In her article dedicated to the Sabbateans in Thessaloniki, the Bulgarian author Albena Shkodrova wrote about Tzvi: “Born in Smyrna (Izmir) during a wave of self-proclaimed messiahs, he traveled for some time in the eastern Mediterranean and attracted followers with his claims that he would lead them to the Promised Land. (Today this is a reason for many to consider him the founder of modern Zionism).” A period followed in which Zevi crisscrossed the Balkan cities and caused unrest among the Jews. Their most numerous and influential community within the Ottoman Empire at the time was in Thessaloniki, and it was there that he managed to cause a spectacular scandal by mentioning the name of God aloud during a sermon. The Orthodox Jews threw him out of town immediately, but the integrity of their group was broken forever. Many wealthy Jewish families sold off their property and froze their businesses in anticipation of the Messiah.”, “Many of his followers followed him, creating one of the strangest religious hybrids known in the region.”.

According to Elsie, in August 1676, Tzvi wrote to the Jewish Community in Berat, Albania, requesting religious books. Shortly afterwards he died in isolation, according to some accounts on September 17, 1676, the High Holy Day of Yom Kippur. Upon his death, his widow, brother and children by his first wife moved to Thessaloniki. His tomb was believed for a long time to have been in Berat, at a tekke built in the yard of the Imperial Mosque, where a tomb stood until 1967. However, more recent research done in 1985 has suggested that he was actually buried in Ulcinj (in Montenegro). His tomb was visited by Dönme pilgrims from Salonika until the early 20th century.

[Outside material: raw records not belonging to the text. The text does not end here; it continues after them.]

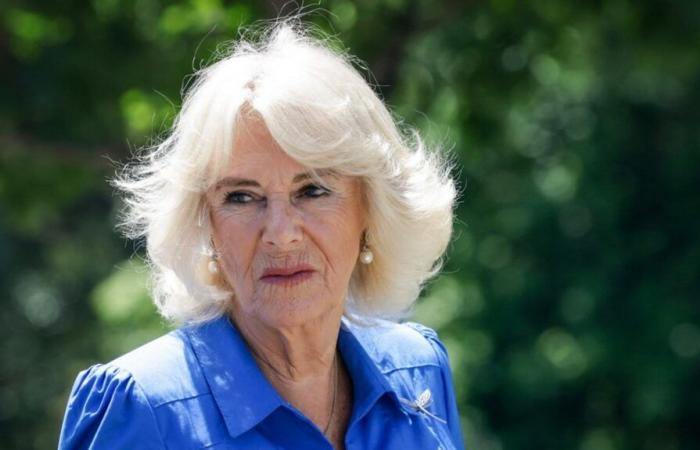 Queen Camilla cancels engagements due to lung infection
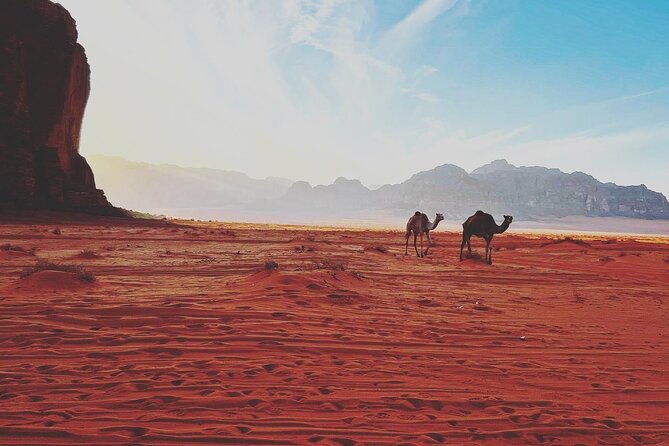 Full Day Jeep and Camel Tour - Customer Reviews and Ratings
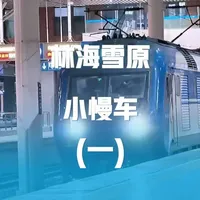 林海雪原公益慢火车之旅(1)☞当"小慢车"与"林海雪原"相遇,速度与诗意如此和谐!#中国铁路 #铁道线上的中国 #我的铁路风景 #火车迷 #绿皮火车 @中国铁路 @宋晓峰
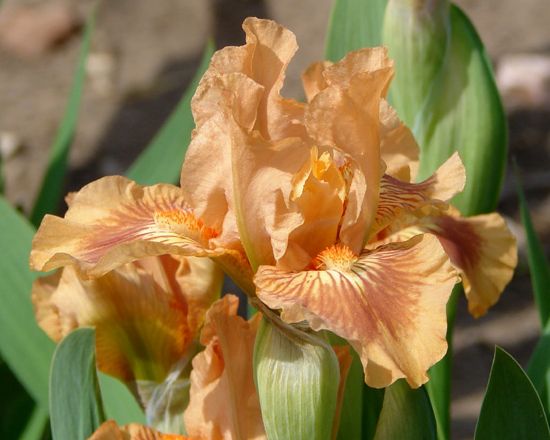 Iris 'Soie Sauvage'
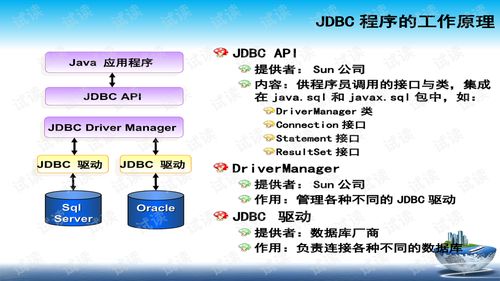 请问用jdbc连接数据库时url是个什么意思,请详解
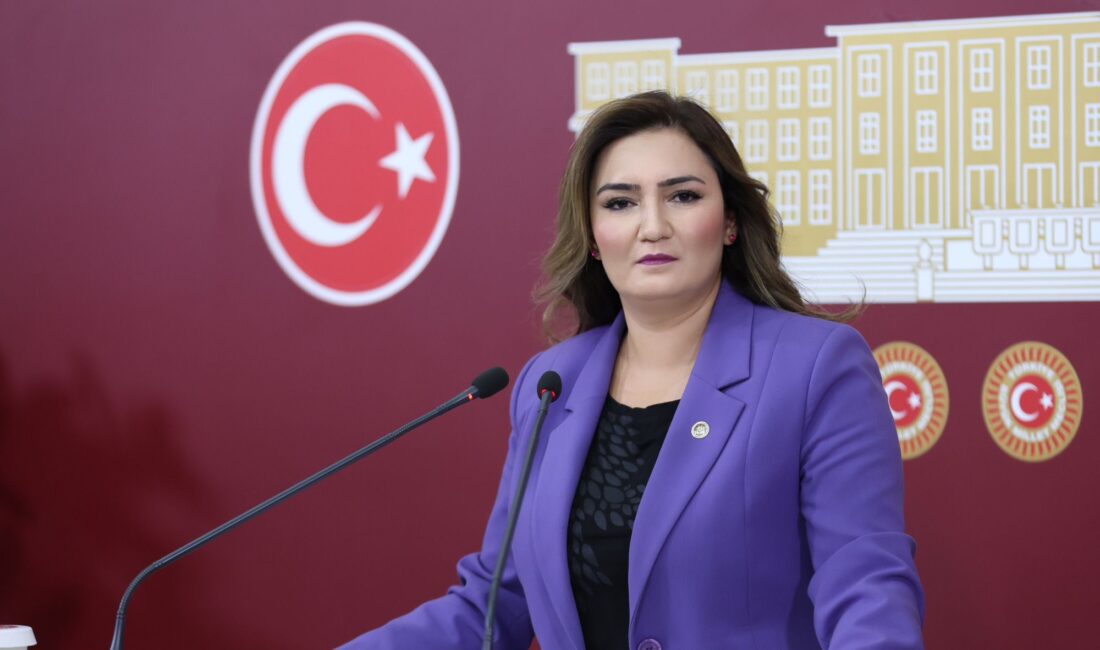 EĞİTİM MÜFREDATI İKTİDARIN RANT POLİTİKALARININ PROPAGANDA ARACI OLAMAZ CHP İzmir Milletvekili Sevda Erdan Kılıç, 10. Sınıf Coğrafya kitaplarında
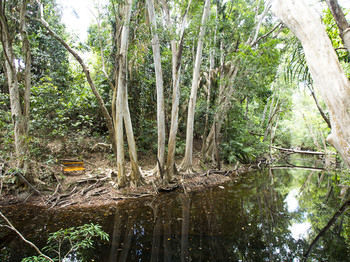 Hotel Cedar Park Rainforest Resort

At the death of Shavtai Tzvi in ​​1676, the sect numbered about two hundred families, mainly in Edirne, Izmir and Bursa. Some of the direct descendants of the first converts to Islam became leaders of the sect. Their number grew thanks to new conversions – a mass conversion in 1683 in Thessaloniki, which thus became the largest center of the community until the exchange of population between Turkey and Greece in 1924. In the period from 1683 to 1924. the Sabbatean community in Thessaloniki had a real influence on the social and economic life of the city and maintained close ties with the local Jewish community. For many Turks Thessaloniki is still identified with the community to this day, so much so that in Turkish “Selânikli” (Thessalonian) has come to be synonymous with a “dönme”.

The exchange of population from 1924 caused the disintegration of the community and increased assimilation into the Muslim Turkish environment (including mixed marriages), which significantly reduced the number of representatives of the sect. The hostility of parts of Turkish ultranationalists and extreme Islamists also affected their number.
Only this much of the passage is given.